Linux-Doc Archive on
 help / color / Atom feed
From: Andrea Arcangeli <>
To: Kees Cook <>
Cc: "Michael S. Tsirkin" <>,
	Daniel Colascione <>,
	Jonathan Corbet <>,
	Alexander Viro <>,
	Luis Chamberlain <>,
	Iurii Zaikin <>,
	Mauro Carvalho Chehab <>,
	Andrew Morton <>,
	Andy Shevchenko <>,
	Vlastimil Babka <>,
	Mel Gorman <>,
	Sebastian Andrzej Siewior <>,
	Peter Xu <>, Mike Rapoport <>,
	Jerome Glisse <>, Shaohua Li <>,,,,,,,
Subject: Re: [PATCH 2/2] Add a new sysctl knob: unprivileged_userfaultfd_user_mode_only
Date: Wed, 20 May 2020 15:48:04 -0400
Message-ID: <> (raw)
In-Reply-To: <202005200921.2BD5A0ADD@keescook>

Hello Kees,

On Wed, May 20, 2020 at 11:03:39AM -0700, Kees Cook wrote:
> Err, did I miss a separate 6-patch series?

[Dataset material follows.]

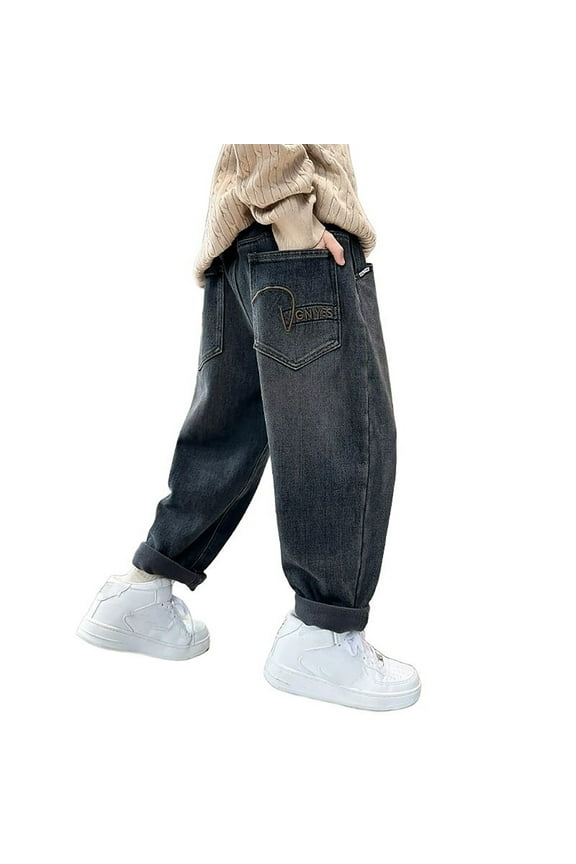 Girls Sweatpants,Boys Loose Fit Denim Jeans Elastic Waist Casual Trousers With Functional Pockets For Outdoor Play,Girls Pants,Black,4-5 Years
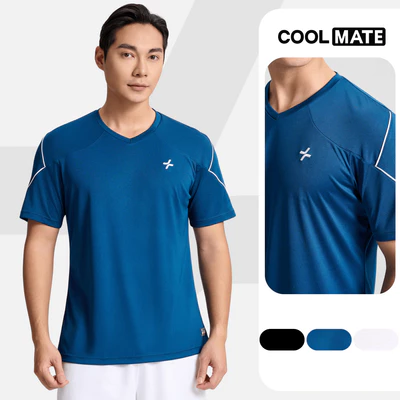 [MUA 2 GIẢM 40%]Áo thun thể thao, Áo đôi nam nữ cổ V Pickleball DinkShot Essentials Nhanh khô, Thấm hút tốt Coolmate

I can't find anything on lore.

Daniel included the link of the previous series I referred to is the
cover letter 0/2:

> > If you keep only 1/2, can't seccomp-bpf enforce userfaultfd to be
> > always called with flags==0x1 without requiring extra modifications in
> > the kernel?
> Please no. This is way too much overhead for something that a system
> owner wants to enforce globally. A sysctl is the correct option here,
> IMO. If it needs to be a per-userns sysctl, that would be fine too.

The question is who could be this system owner who prefers "2" to "0"?

per-ns I don't see the point either when all containers already run
with default policies enforcing the same behavior as if the sysctl is
set to "0".

Why exactly is it preferable to enlarge the surface of attack of the
kernel and take the risk there is a real bug in userfaultfd code (not
just a facilitation of exploiting some other kernel bug) that leads to
a privilege escalation, when you still break 99% of userfaultfd users,
if you set with option "2"?

Is the system owner really going to purely run on his systems CRIU
postcopy live migration (which already runs with CAP_SYS_PTRACE) and
nothing else that could break?

Option "2" to me looks with a single possible user, and incidentally
this single user can already enforce model "2" by only tweaking its
seccomp-bpf filters without applying 2/2. It'd be a bug if android
apps runs unprotected by seccomp regardless of 2/2.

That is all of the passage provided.